Par amendement n° 24, M. Fauchon, au nom de la commission propose, dans le
texte présenté par cet article pour l'article 695 du code de procédure pénale,
après les mots : « autorités judiciaires compétentes et » d'insérer les mots :
« d'assurer ».
La parole est à M. le rapporteur.
M. Pierre Fauchon,
rapporteur.
Il s'agit d'un amendement rédactionnel.
M. le président.
Quel est l'avis du Gouvernement ?
Mme Elisabeth Guigou,
garde des sceaux.
Favorable.
M. le président.
Personne ne demande la parole ?...
Je mets aux voix l'amendement n° 24, accepté par le Gouvernement.
(L'amendement est adopté.)
M. le président.
Personne ne demande la parole ?...
Je mets aux voix l'article 21, ainsi modifié.
(L'article 21 est adopté.)
Article 22
M. le président.
« Art. 22. - La présente loi est applicable dans les territoires d'outre-mer
et dans la collectivité territoriale de Mayotte. »
Sur l'article, la parole est à M. Hyest.
M. Jean-Jacques Hyest.
Notre collègue M. Millaud a déposé sur l'ensemble de ce projet de loi une
question préalable qui n'était certainement pas justifiée, car son adoption
aurait eu pour effet d'entraîner le rejet de l'ensemble d'un texte qui est
important.
En revanche, il a posé une vraie question - qui est d'ailleurs récurrente -
sur l'application d'un certain nombre de dispositions législatives dans les
territoires d'outre-mer.
M. Millaud a développé un certain nombre d'arguments qui ne nous semblent pas
avoir fait l'objet de réponses suffisantes de la part des administrations
concernées. C'est pourquoi, à mon sens, la question demeure : ou bien la loi
s'applique directement, et il n'est pas nécessaire de le préciser ; ou bien il
faut le préciser et, à ce moment-là, les procédures constitutionnelles n'ont
pas été respectées, ainsi que l'affirme M. Millaud.

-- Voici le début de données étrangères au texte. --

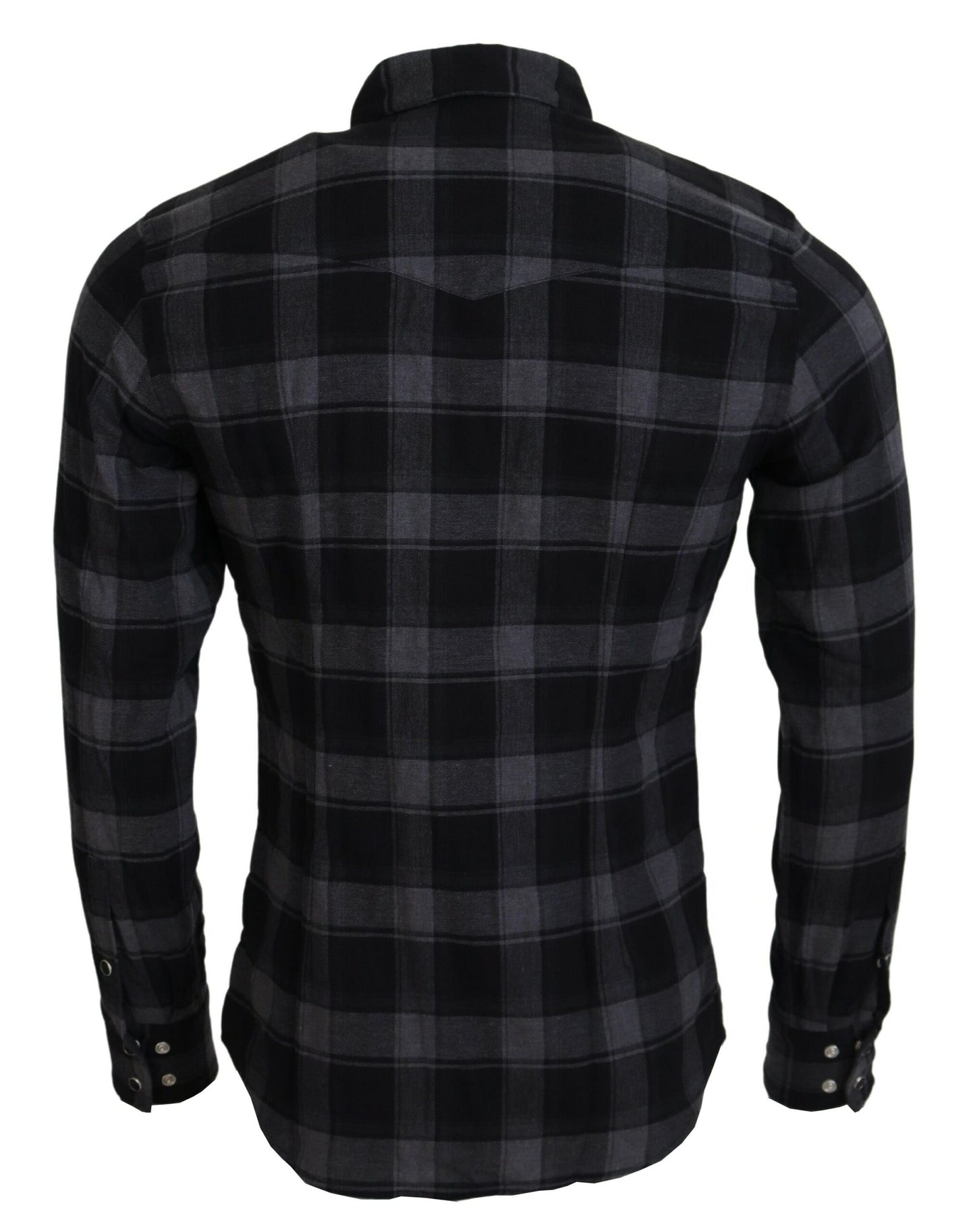 Elegantes schwarz-graues Button-Down-Hemd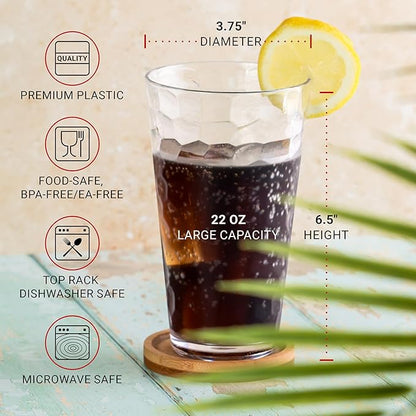 Hammered Plastic Drinking High Tumbler, Dishwasher-Safe Premium Quality Glasses, BPA-Free Reusable Outdoor Cups, 22 oz Set of 6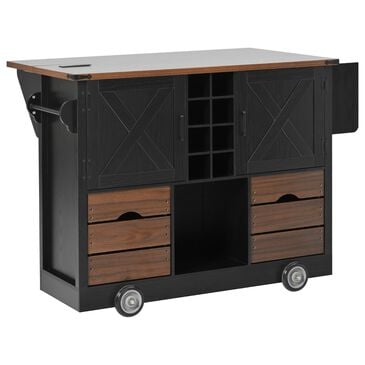 HOMLUX 54" Kitchen Island with Drop Leaf in Black, , large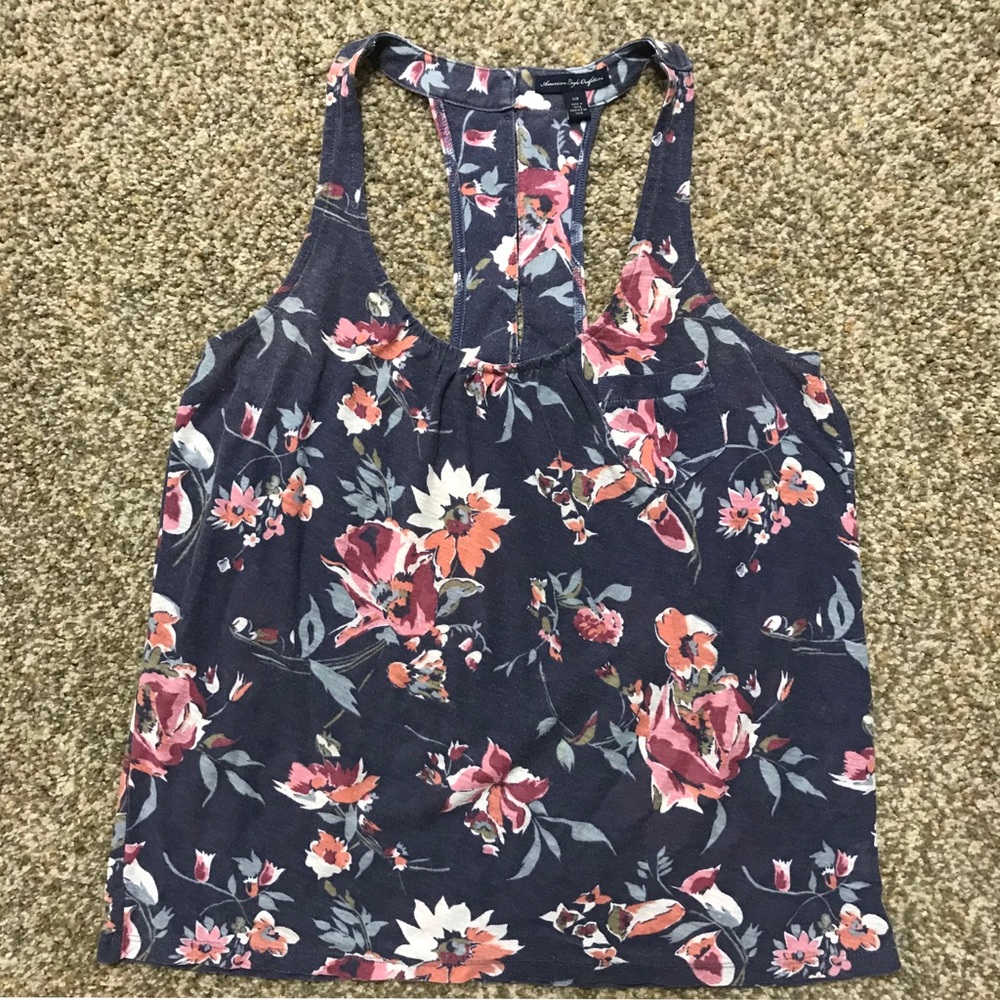 American Eagle floral racerback tank, small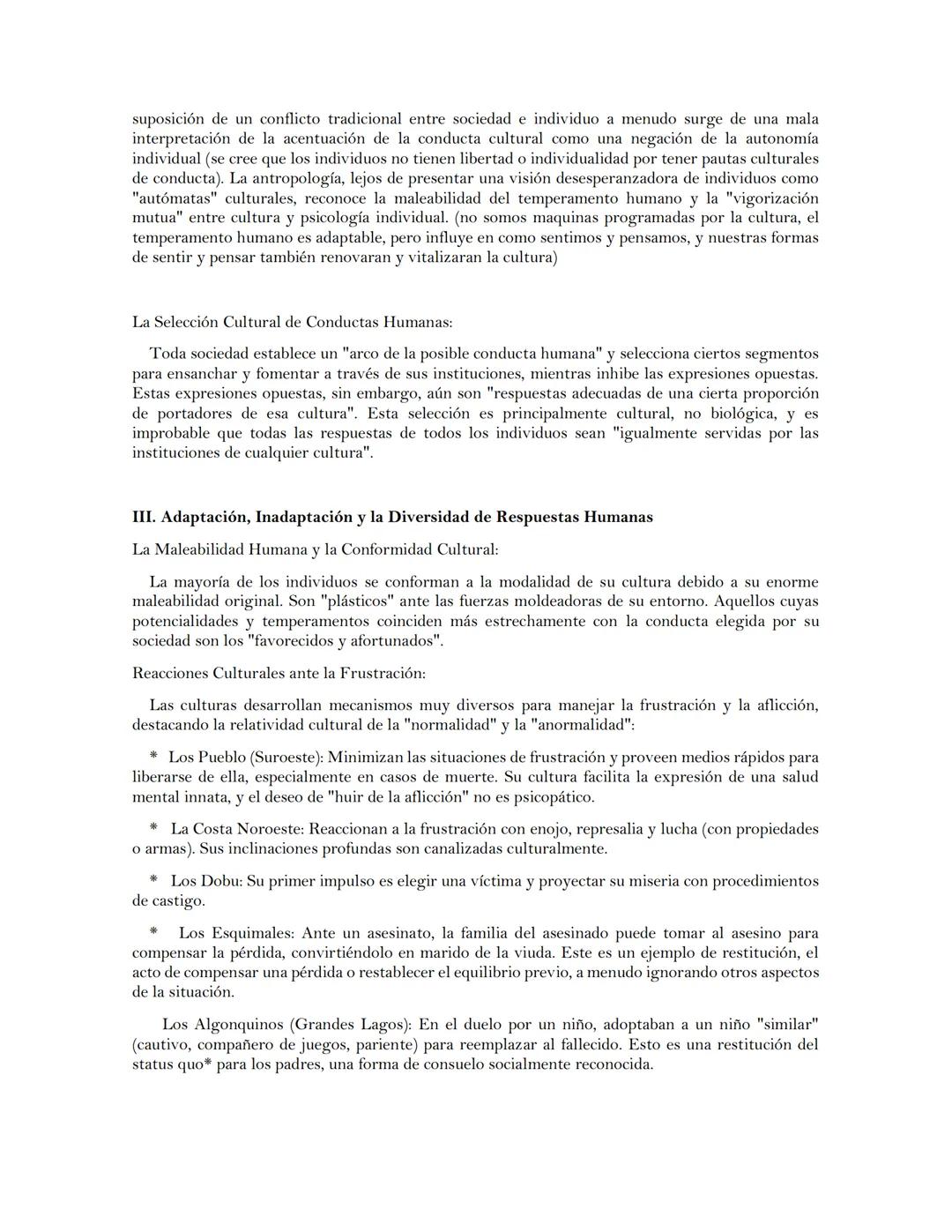 # El Individuo y la Pauta de la Cultura: Un Diálogo Profundo sobre la
# Interacción Social y Personal (Capítulo 8 de Ruth Benedict)
Este ca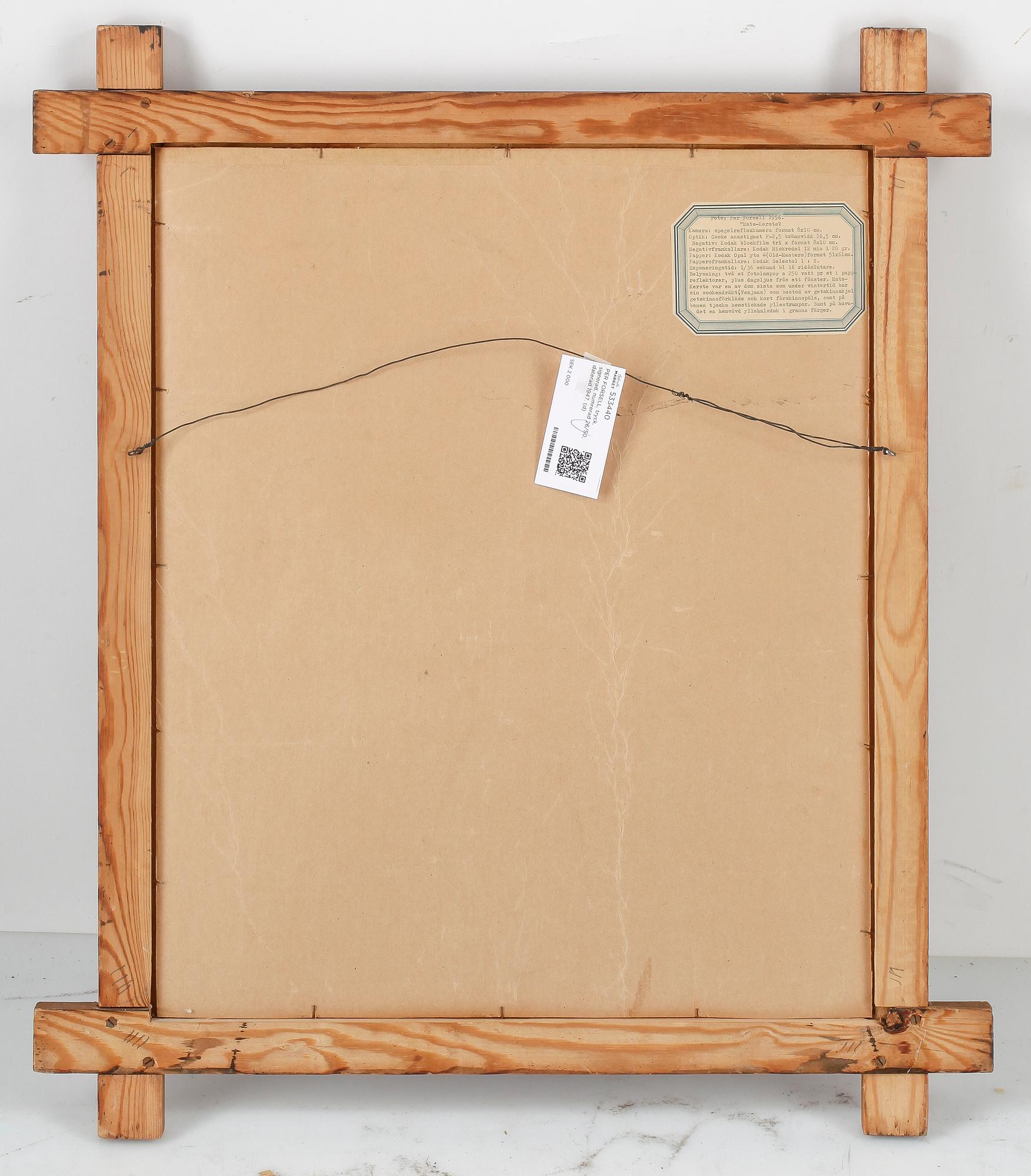 PER FORSELL, tryck, signerad, numrerad 26/50, daterad 1947.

Dans la mesure où cette question tient beaucoup à coeur à notre collègue, par
solidarité, le groupe de l'Union centriste ne votera pas l'article 22.
M. le président.
Personne ne demande plus la parole ?...
Je mets aux voix l'article 22.
(L'article 22 est adopté.)
Vote sur l'ensemble
M. le président.
Avant de mettre aux voix l'ensemble du projet de loi, je donne la parole à M.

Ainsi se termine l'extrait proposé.